There are people who take peptides for the release of HGH to build their muscles. These are not legal that I recall and it didn’t take 20 years for people to wait to start using them. Heck, some doctors are using them because they see benefits of their pituitary releasing HGH past 30 years of age, and half ass endorsing it, they have to because it is not “legal”.

I think we would be much better off with someone who can have an educated guess on what the effect of NKISK would be at the celullar level.

If it’s as dangerous as IGF-1, or these SARS, or HGH peptides that are technically “legal” for “research purposes only” and someone can comment on how safe in relation to these NKISK or KKK would be, then we wouldn’t have to wait until 2028 to try it out. Of course we are only talking about “research purposes” guys.

Well it appears that you know best and I have learned never argue with a guy who went to the university of the internet. Good luck and have fun doc.

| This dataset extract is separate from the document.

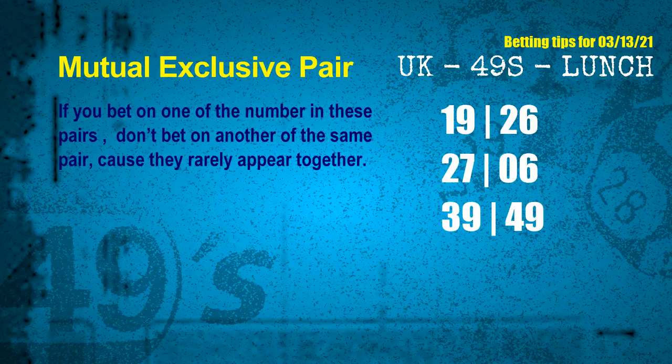These numbers in a pair both match the following ones and colors, but according to thousands of results before, they rarely appear together — meaning if you bet on one of them, don't bet the other in the same pair. The mutual exclusive pairs for next draw are: first pair 19 and 26, second pair 27 and 06, third pair 39 and 49.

Geez man alright. By that same token you are a bit of a naysayer, but go in peace brother

You’re getting sound reasoning and don’t like it. Says more about you than them.

Research isn’t about oversimplification to cherry pick your findings. This isn’t Relaxin. You are drawing too many conclusions without hard data.

I’ve been cut and shot in the name of this game. There’s levels, lines and risk to pain. Dismiss it if you like. But that’s foolish. And disingenuous to any novice readers.

You posted to get our ideas but you seem to have all the information you need. Best of luck with your experiment.

I posted to get an answer to this question:

“If anyone is an expert in peptides or has a background in oncology, it would be great to get your input on the use of short peptides like these on the risks they would possibly have if any.”

I don’t have all the information is what I am trying to say.

For all my comments and replies, I shouldn’t have been so abrasive so I apologize for that. I was more excited about the potential benefits than the risks.

Yes it has only been used in rats, and what works in rats may not work in humans, but it is also true it can work in humans.
Short or long peptides according to Jimmybob55 makes no difference. So that is something. I wish he clarified how though.

Thanks for your comments. My apologies about earlier.